Design and construction
- Architect: Aristide Malinverni

= Palazzo Malinverni =

Palazzo Malinverni is a historical building in Legnano. It is the seat of the Town Hall (building) of the city. It is located in the central Piazza San Magno, next to the homonymous Basilica and was inaugurated on 28 November 1909, during the city's period of greatest growth — industrial and demographic.

== History ==
The first seat of Legnano's town hall was a building in Piazza Grande (the modern Piazza San Magno) at no. 52. The process that led to the design of Legnano's new town hall began in 1904, with the publication of the competition notice. The latter envisaged the design of a three-storey building with a decreasing height starting from the ground floor and rising towards the attic: 5 m, 4.8 m and 3.5 m. Two entrances were planned, the main one towards the modern largo Franco Tosi and the secondary entrance, which would give onto via Bernardino Luini.

The town hall was to be provided with a council chamber large enough to accommodate the seats of 40 councillors, members of the municipal council, the mayor, the secretary and the public. In addition, rooms were planned that would have housed the porter's lodge, the telegraph office, the duty post and the savings bank. It would have had underground rooms and the total number of rooms would have been 30.

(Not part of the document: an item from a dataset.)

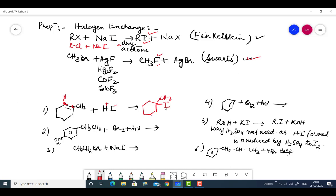Jahaan pe double bond hai, us pe se us carbon ke paas jaata hai jis ke paas kam hydrogen hai. [Where there is a double bond, it goes to that carbon which has fewer hydrogens.]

The projects that ranked in the top three places would be given a prize of 1,000, 500 and 250 litre respectively. A total expenditure of 100,000 lire was planned. It was then built from 1908 to 1909 to a design by architect Aristide Malinverni with a total expenditure that turned out to be three times the budgeted.

== Description ==
It has a medieval architecture style with exposed brickwork and bifore windows to which are added parts that recall other architectural styles such as Art Nouveau and neo-Renaissance. The upper cornice is decorated with the coats of arms of the municipalities that were part of the Lombard League and with those of the provincial capitals, including the coats of arms of the Pola, Fiume and Zara, which belonged to Italy between the two world wars. The coats of arms — created in graffito by the Ghiringhelli brothers — of the 100 cities of Italy that have been depicted in the Council Chamber and the paintings — on the first floor — by Ettore Falchi and Ernesto Crespi are valuable from an artistic point of view.